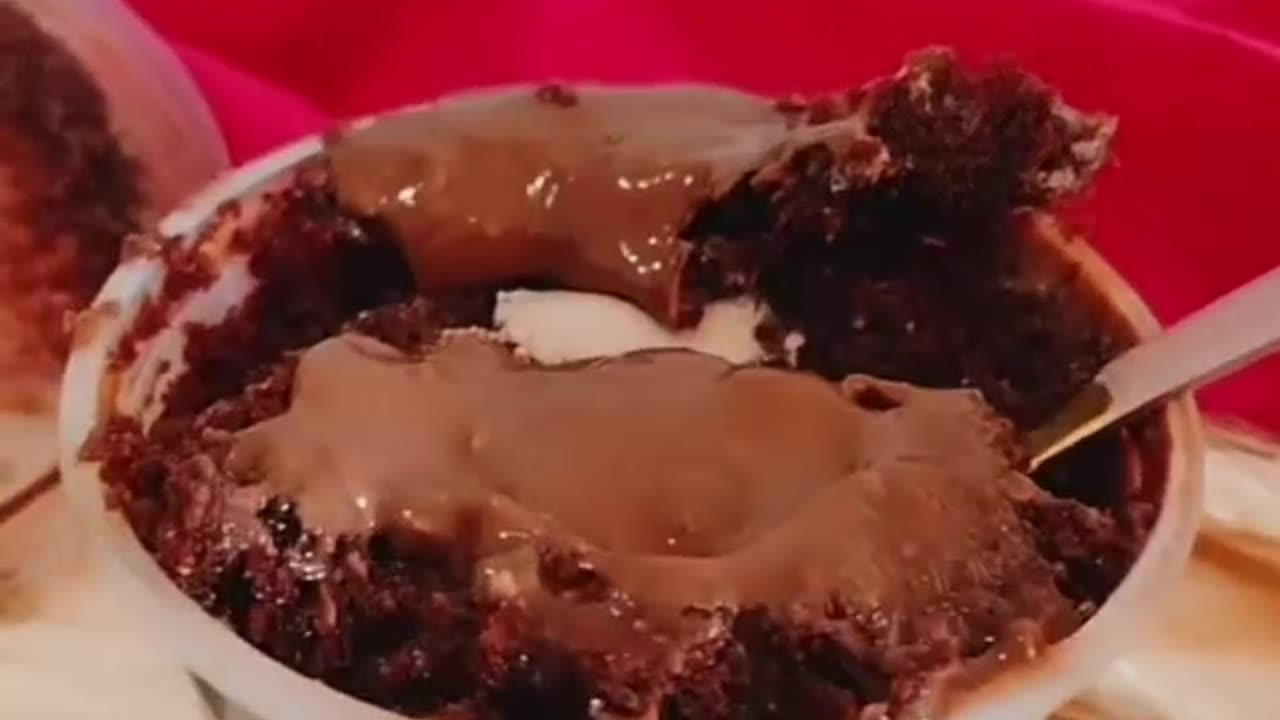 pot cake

────────────────

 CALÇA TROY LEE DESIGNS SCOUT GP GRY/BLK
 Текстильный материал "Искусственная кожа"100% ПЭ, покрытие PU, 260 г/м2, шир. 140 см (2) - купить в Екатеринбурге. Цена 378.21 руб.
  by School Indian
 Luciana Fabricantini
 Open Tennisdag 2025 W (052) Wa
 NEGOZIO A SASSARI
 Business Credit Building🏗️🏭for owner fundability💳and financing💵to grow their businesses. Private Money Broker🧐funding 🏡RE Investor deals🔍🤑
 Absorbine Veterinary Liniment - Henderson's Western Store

────────────────

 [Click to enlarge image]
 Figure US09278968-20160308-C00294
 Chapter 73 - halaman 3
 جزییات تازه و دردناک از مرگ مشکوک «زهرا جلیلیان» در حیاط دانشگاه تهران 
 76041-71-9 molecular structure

────────────────

Goal of the exercise ::
Where the line holding "Open Tennisdag 2025 W (052) Wa" appears in the listing above, start reproducing exactly, and end with the line holding "Absorbine Veterinary Liniment".

Answer area ::
 Open Tennisdag 2025 W (052) Wa
 NEGOZIO A SASSARI
 Business Credit Building🏗️🏭for owner fundability💳and financing💵to grow their businesses. Private Money Broker🧐funding 🏡RE Investor deals🔍🤑
 Absorbine Veterinary Liniment - Henderson's Western Store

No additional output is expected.